Writing Careers in Hollywood Defined

So, who exactly is in the writers’ room and what exactly do the different producer titles mean? Here are some role descriptions in order of the writers’ room hierarchy:

Staff Writer: This is pretty much the “newest baby writer” as Jamin calls them. As a staff writer, you probably don’t have any experience and have just broken into Hollywood. It’s your first year on the job.

Story Editor: After one year as a Staff Writer, you’re usually promoted to Story Editor. You have a little bit of experience under your belt and are now in the credits – though, typically at the end.

Executive Story Editor: The significance of this role has changed over the years. Back in the 60’s, this was practically the showrunner. If you have this role nowadays, however, you’re still in a lower level TV writer role and don’t have any showrunner duties.

Co-Producers and Producer: These are mid-tier level TV writer roles. In these jobs, your producing responsibilities may be limited, depending on what the showrunner asks of you.

Supervising Producer and Co-Executive Producer: The person who holds this role is usually 2nd in Command, the #2 writer. As Jamin likes to point out, they make good money but don’t have all of the stress of the boss.

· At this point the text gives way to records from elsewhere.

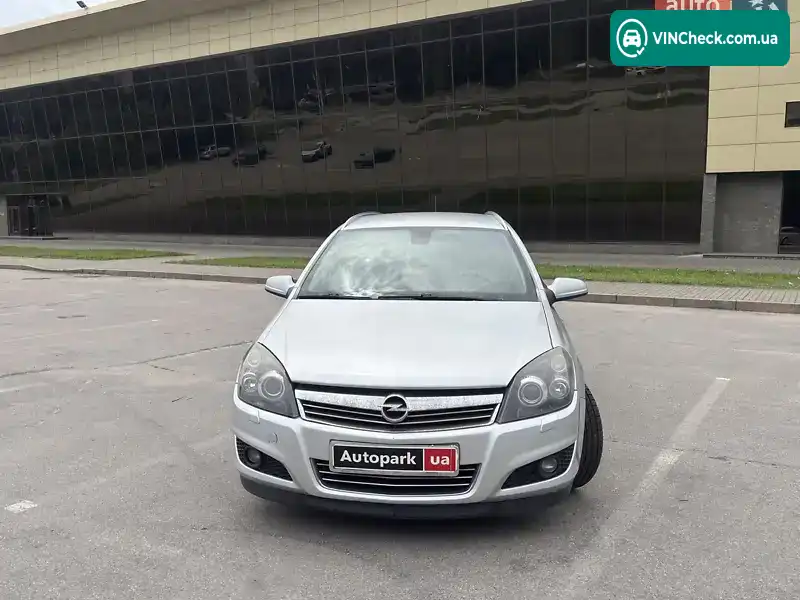 Opel Astra 2009, фото з оголошення 2 з 20, VIN W0L0AHL3592100819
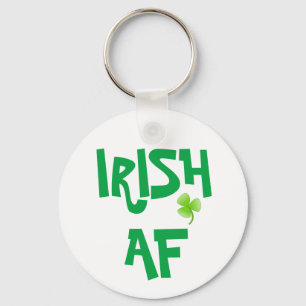 Chaveiro Irish AF Green Shamrock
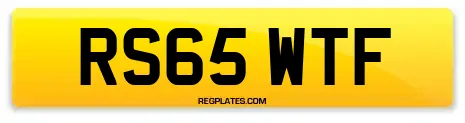 RS65 WTF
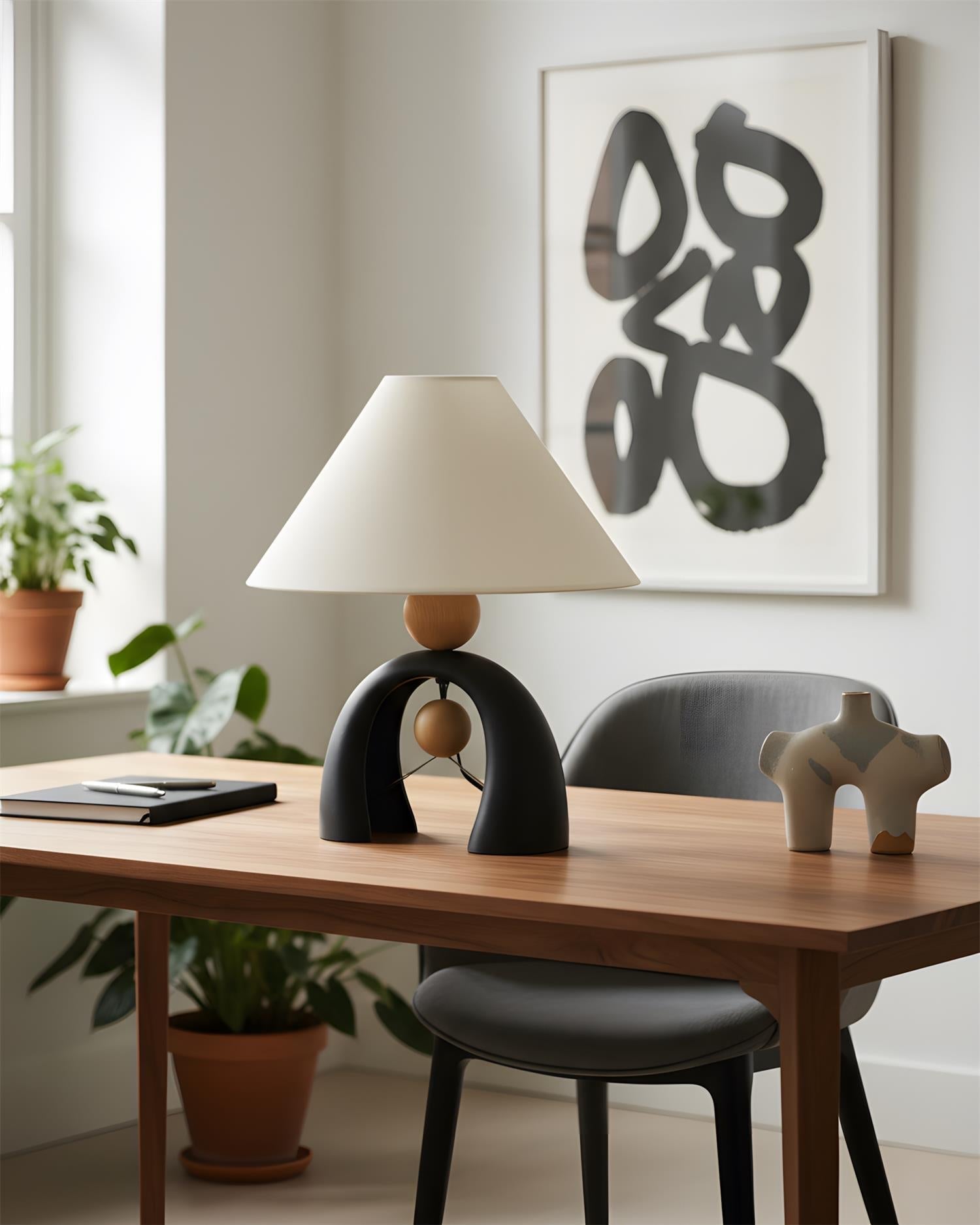 Orla Arch Table Lamp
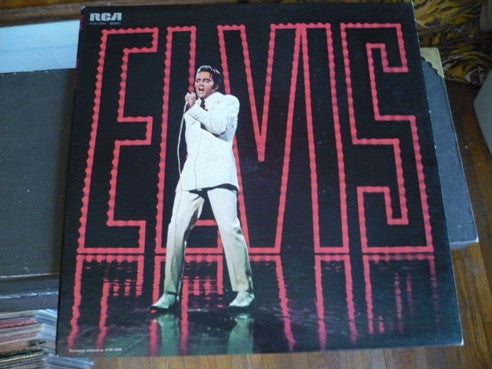 Elvis* : Elvis - TV Special (LP, Album, Mono, RE)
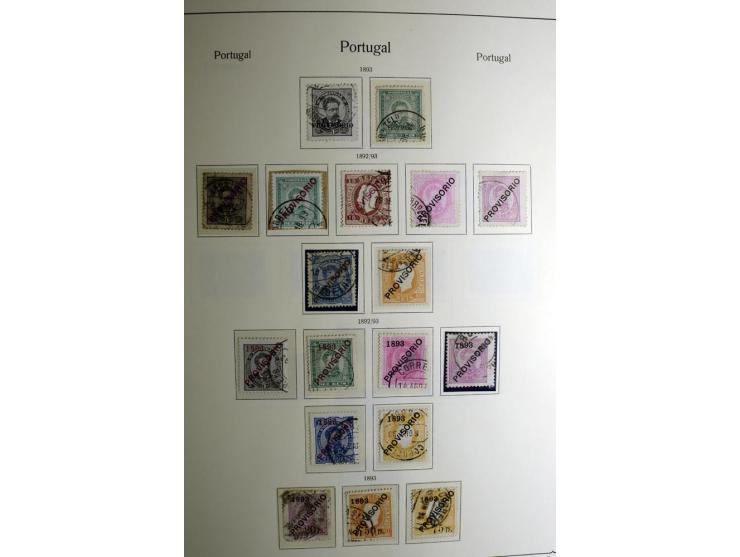 1853/1981, gestempelte reichhaltige Sammlung mit vielen guten Werten und Sätzen wie Mi.-Nr. 1, 3, 4, guten Blocks etc.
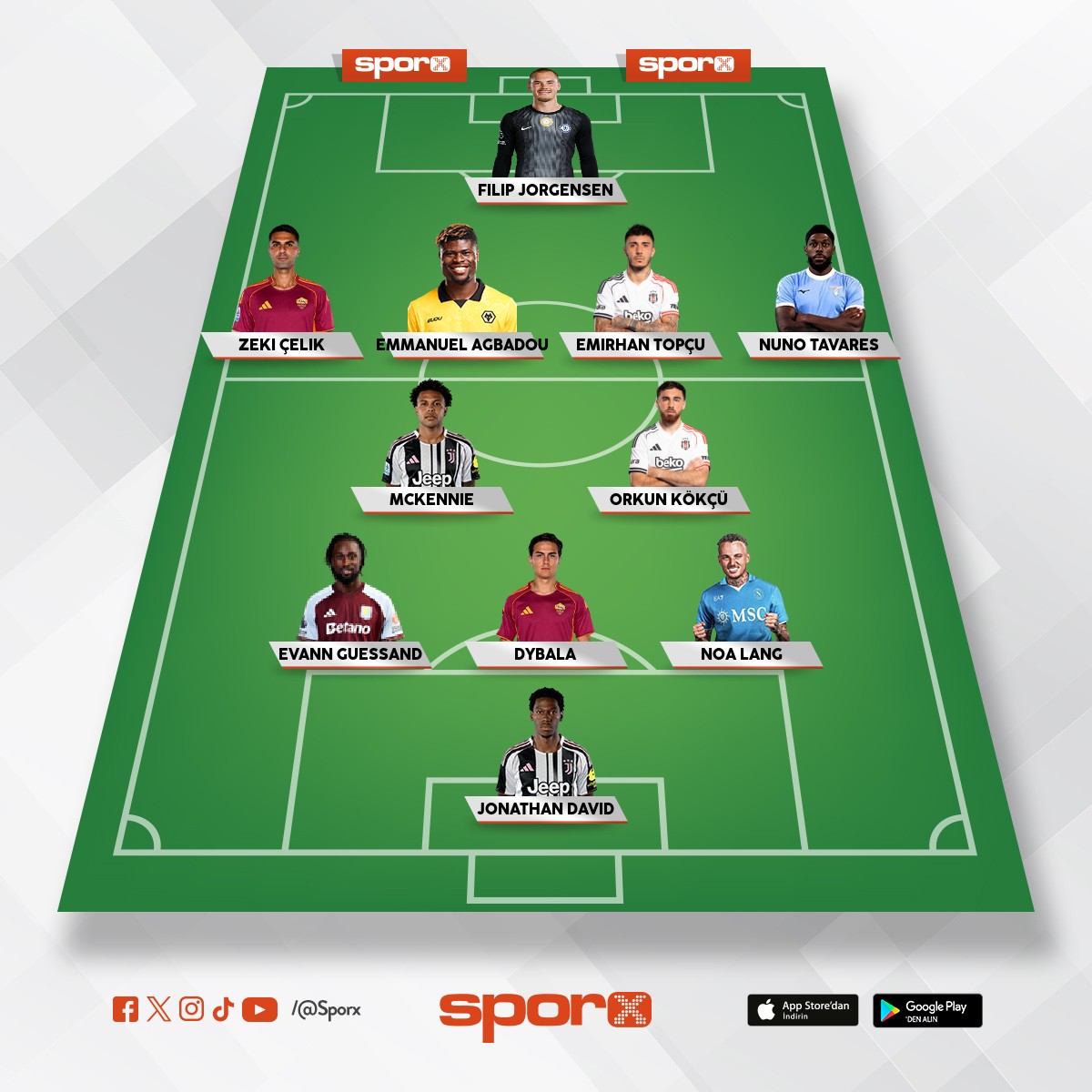 J.david hari� imkans�z de�il el bilal  oynas�n en k�t� 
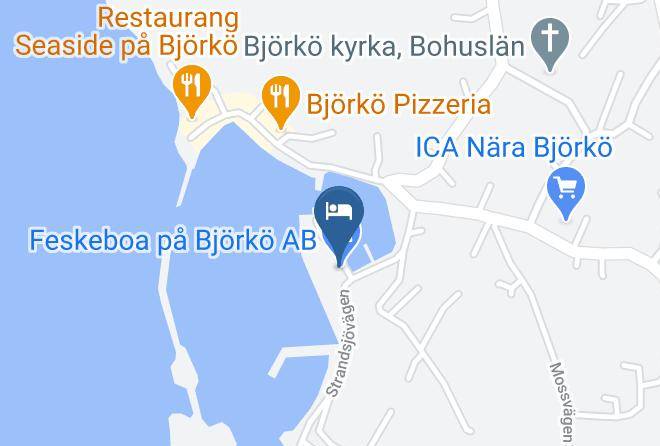 Ockero - Bjorko Sealodge Maps
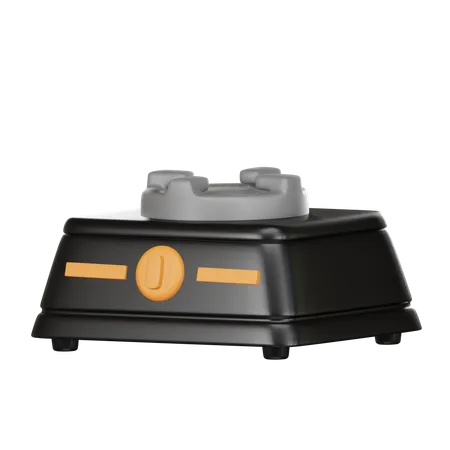 Gas Stove 3 D Icon 3D Icon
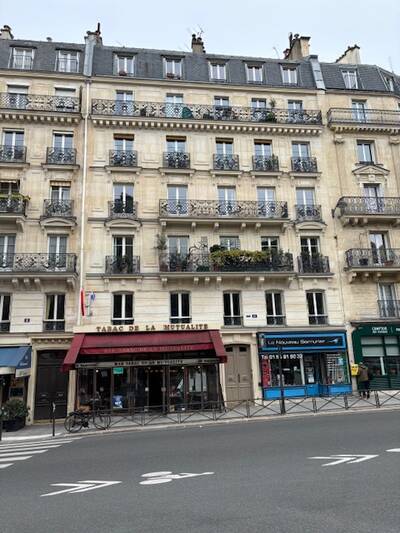 Vente appartement studio Paris 5e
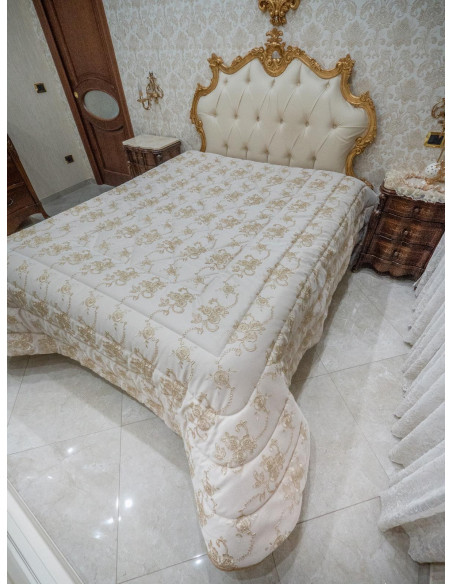 PIUMONE AVORIO TULLE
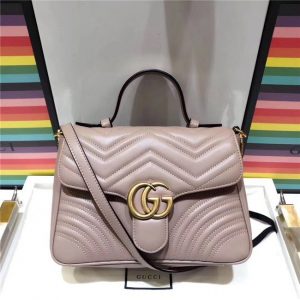 Gucci GG Marmont Small Replica Top Handle Bag (Varied Colors)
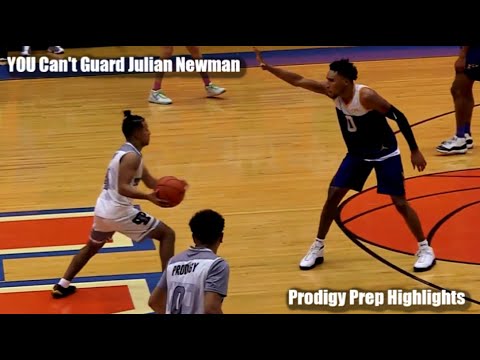 Julian Newman Comes Out Firing With 28 Points Prodigy Prep Takes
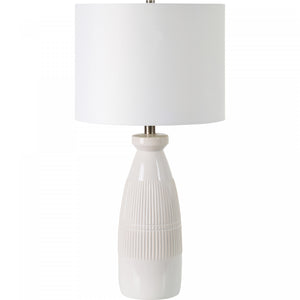 Natalie Table Lamp - Off-White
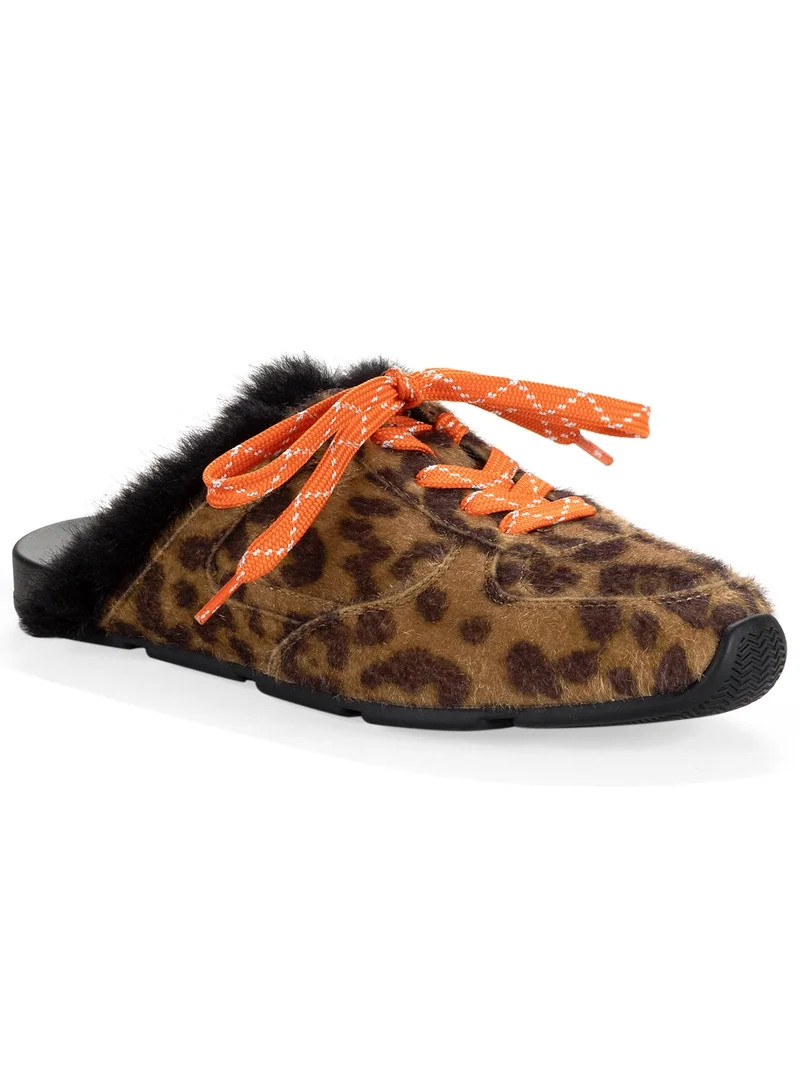 Celebrity Pink's Womens Ulla Cozy Sneaker Mule | Walmart (US)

Executive Producer: This is the #1 TV writer and showrunner. This person is responsible for deciding what stories are going to be told, and how they are going to be told. Usually, but certainly not always, they decide the creative vision of the show. They are also oversee casting, post production, editing and music.

While some roles may seem more appealing for various reasons, it’s important to note that every role is important. In his podcast episode on the different ways to break in Hollywood, Jamin points out that there are the dreamers who get to say “Hey, what if” and then there are the people who are doing it. And, as he says, “You can’t just have dreamers on set – nothing would get done!”

Ready to Write for Hollywood?

TV writer

Michael Jamin has a lot of experience working in Hollywood as a screenwriter. When working for a TV show, he usually fulfills the role of Co-Executive Producer or Executive Producer. So, he knows a thing or two about what it takes to make it in the TV industry. If you’re serious about becoming a TV writer, take his online screenwriting course.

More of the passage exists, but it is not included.